Les candidats à sa succession sont nombreux, et la marche à suivre n’est pas claire. La scène politique est divisée entre deux options : nommer un gouvernement technique ou organiser des élections anticipées. La première aurait l’avantage de faire preuve d’une certaine continuité avec l’action gouvernementale de ces dernières années.Le nom qui circule pour remplacer Matteo Renzi est celui de l’actuel ministre de l’économie et des finances, Pier Carlo Padoan. Dans la deuxième situation, ce serait l’occasion pour la formation d’une nouvelle majorité au Parlement qui donnerait plus de légitimité au gouvernement qui serait nommé.
Les principaux représentants du « Comité pour le Non » appellent à de nouvelles élections, et à leur tête Beppe Grillo, le leader du Mouvement 5 Etoiles, et Matteo Salvini, chef de la Ligue du Nord. Ils peuvent espérer sortir des urnes victorieux et avoir une grande influence dans la constitution du gouvernement, à l’image de Rome ou de Turin qui sont depuis juin aux mains de maires appartenant aux 5 Etoiles. La peur des populistes règne donc dans les plus hautes sphères de l’Etat, et l’Italie se prépare à une année mouvementée.
#Salvini: si vada subito a VOTARE. Noi siamo pronti a governare per rilanciare l’Italia. #Rainews #referendum
— Matteo Salvini (@matteosalvinimi) 4 décembre 2016
#IoVoglioVotare: no a un governo lacrime e sangue https://t.co/MVw9A2BsXu
— Beppe Grillo (@beppe_grillo) 8 décembre 2016
(#Salvini : qu’on aille voter immédiatement. Nous sommes prêts à gouverner pour relancer l’Italie)
(#JeVeuxVoter : non à un gouvernement larmes et sang)
Mercredi soir c’est chose faite : après un conseil des ministres exceptionnel, Matteo Renzi a remis sa démission à Sergio Matterella, mais ce n’est pas pour autant que la suite est plus claire… Depuis, le Président de la République enchaîne les consultations pour décider comment procéder.

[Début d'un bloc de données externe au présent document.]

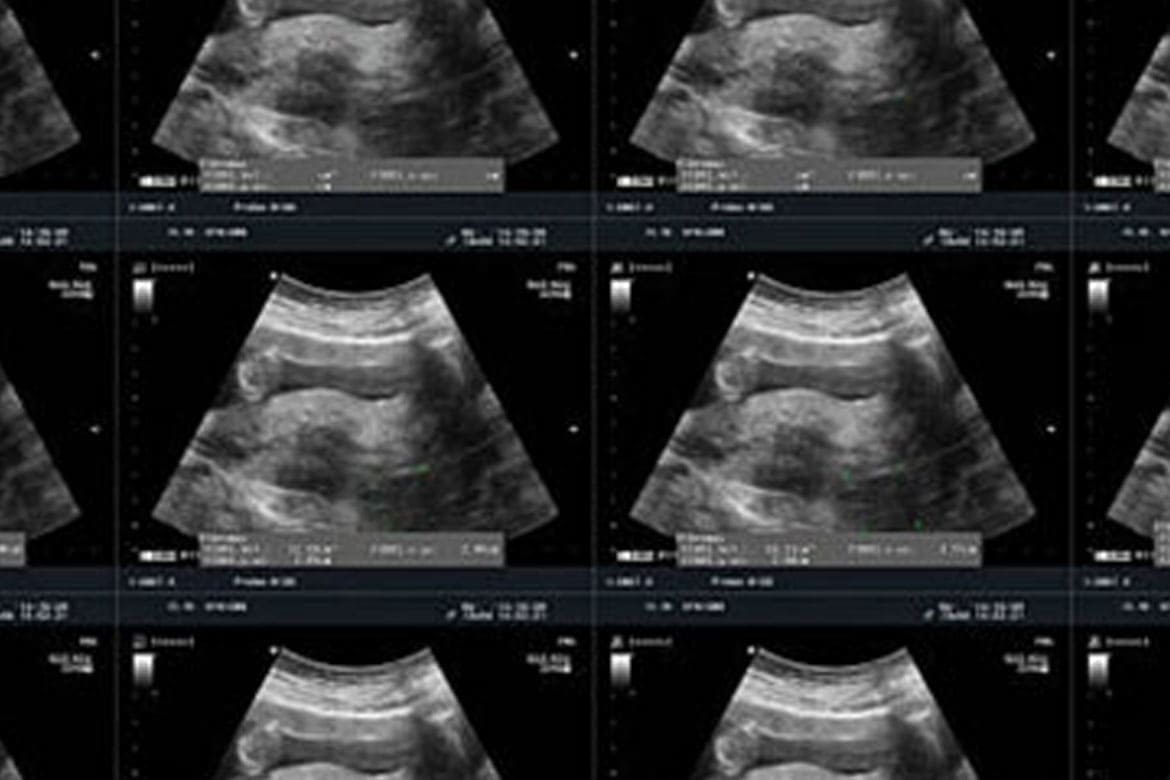 Ultrasonido transvaginal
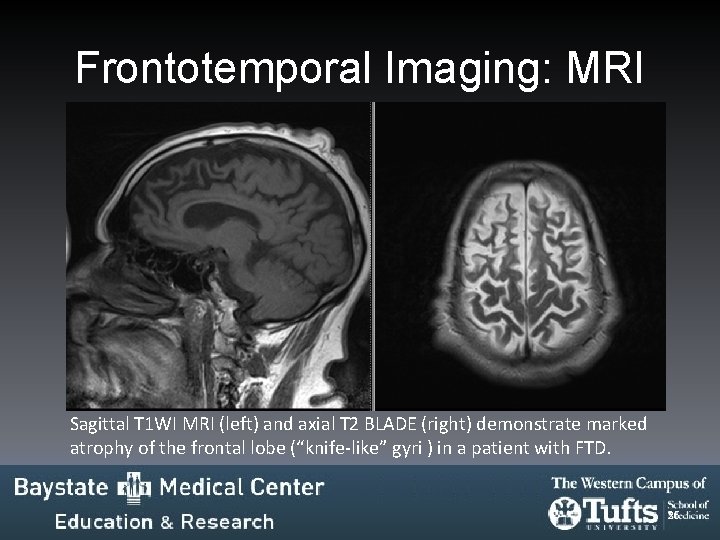 Frontotemporal Imaging: MRI Sagittal T 1 WI MRI (left) and axial T 2 BLADE Frontotemporal Imaging: MRI Sagittal T 1 WI MRI (left) and axial T 2 BLADE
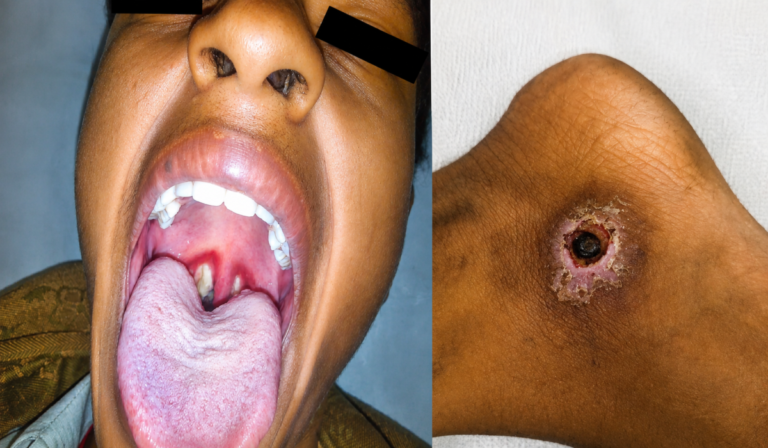Taraba: Confusion over diphtheria cases as health officials give conflicting figures Taraba: Confusion over diphtheria cases as health officials give conflicting figures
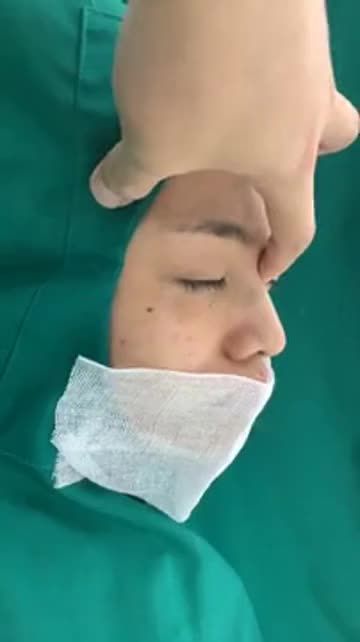 Thế nào là một dáng mũi tự nhiên phù hợp với khuôn mặt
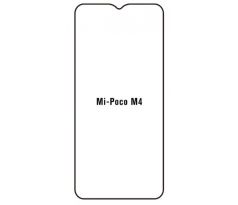 Hydrogel - ochranná fólia - Xiaomi Poco M4 5G - typ výrezu 2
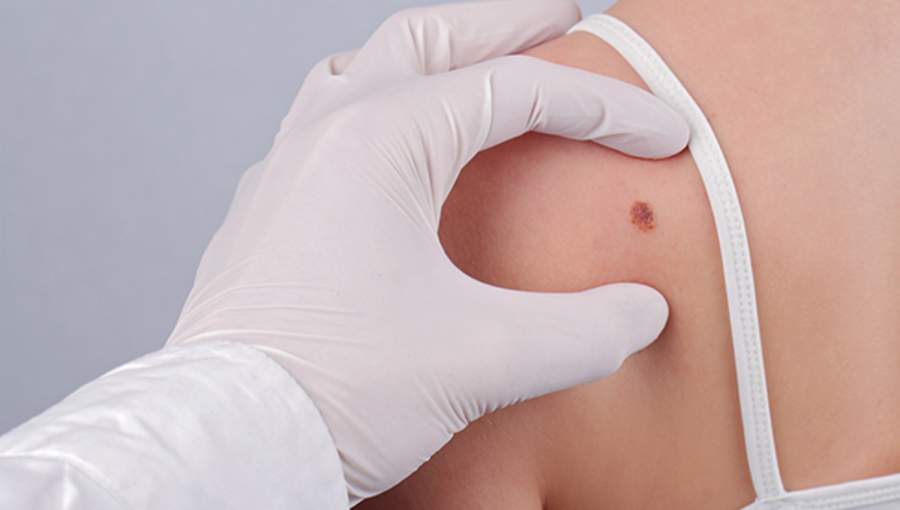 Examining mole wearing white latex glove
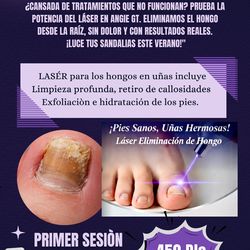 Hongos en tus uñas?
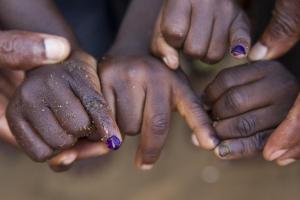 End Polio Now!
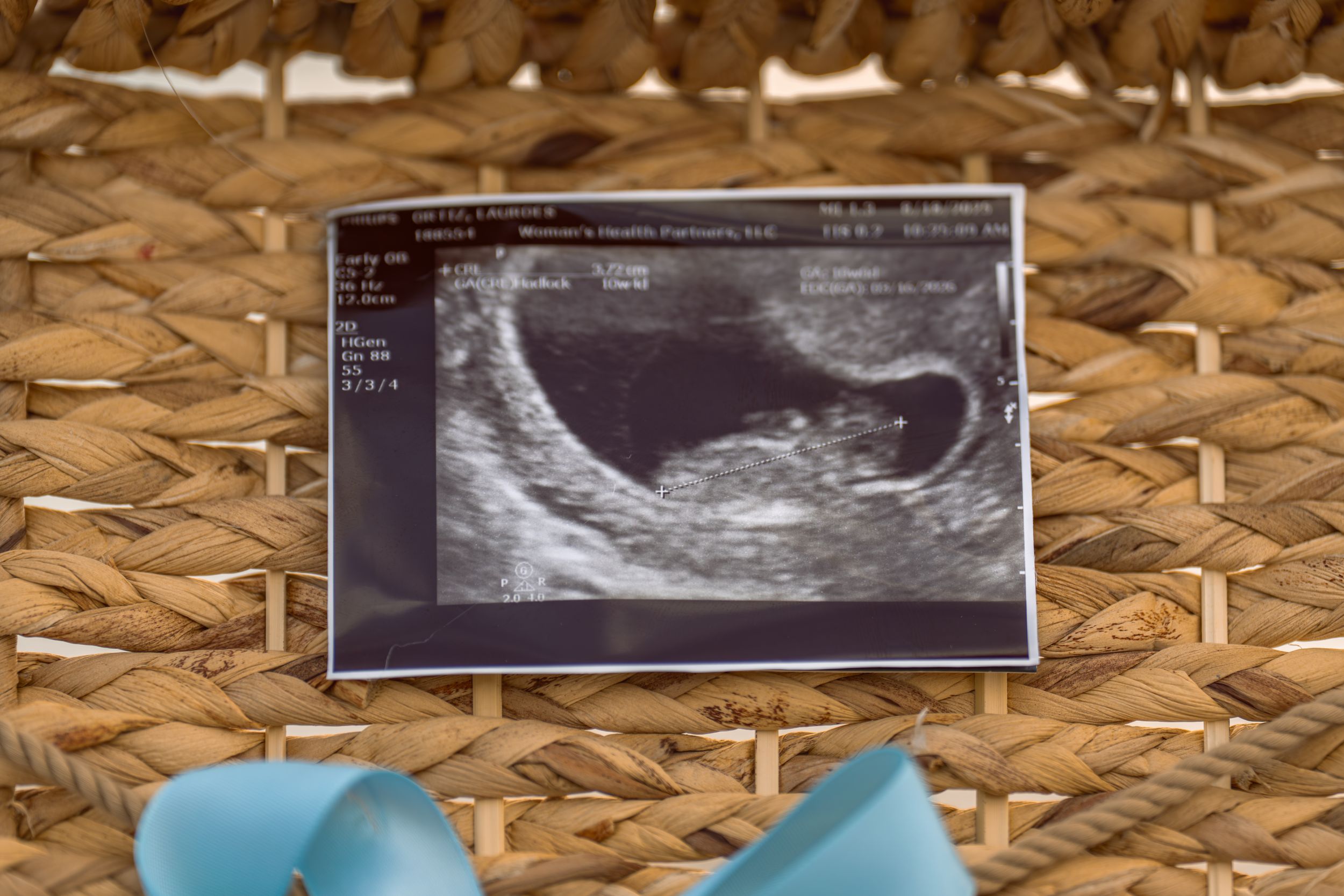 Collection of ultrasound sonogram images displayed on woven natural texture background.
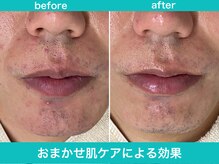 ミスターアンクール 鹿児島(Mr.uncoeur)/おまかせ肌ケア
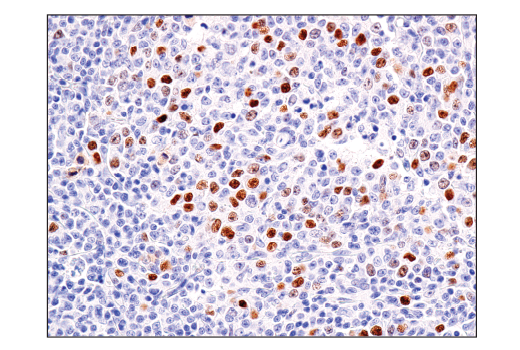 Immunohistochemistry Image 1: BCL6 (E5I8I) Rabbit mAb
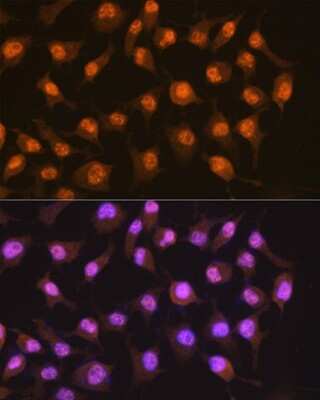 Immunocytochemistry/Immunofluorescence: PER2 Antibody (2K9Y0) [NBP3-16557] - Immunofluorescence analysis of HeLa cells using PER2 Rabbit mAb (NBP3-16557) at dilution of 1:100 (40x lens). Blue: DAPI for nuclear staining.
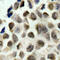 Histone Deacetylase 8 antibody, abx000408, Abbexa, Immunohistochemistry paraffin image 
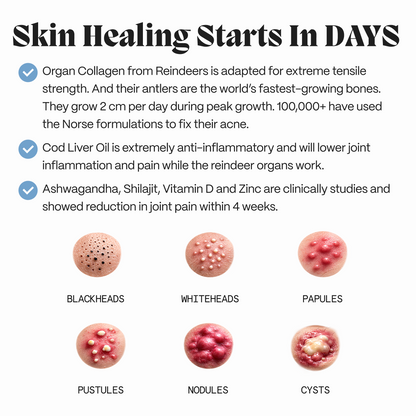 Graphic on how the female gut repair system supports skin, with acne-type illustrations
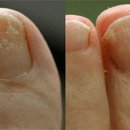 гъбички по ноктите на краката - как да ги разпознаваме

L’opposition s’impatiente, menaçant même parfois de descendre dans la rue si l’option des élections anticipées n’est pas retenue. Seulement, la situation est encore complexifiée par la loi électorale en vigueur, l’Italicum, qui prévoyait l’adoption de la réforme constitutionnelle et donc le fait que les sénateurs ne seraient plus élus directement par les Italiens. Se pose donc aussi la question de savoir, si des élections devaient avoir lieu, selon quelles modalités elles se dérouleraient.
Dernièrement, l’idée de renommer Matteo Renzi comme chef du gouvernement semblait être envisagée par le Président. Ceci a déclenché la colère des opposants qui affirment la perte de légitimité de l’ancien maire de Florence depuis le résultat de dimanche dernier. La réponse définitive de Sergio Mattarella devrait être connue lundi prochain, et en attendant, le conflit dans la société continuera à faire rage.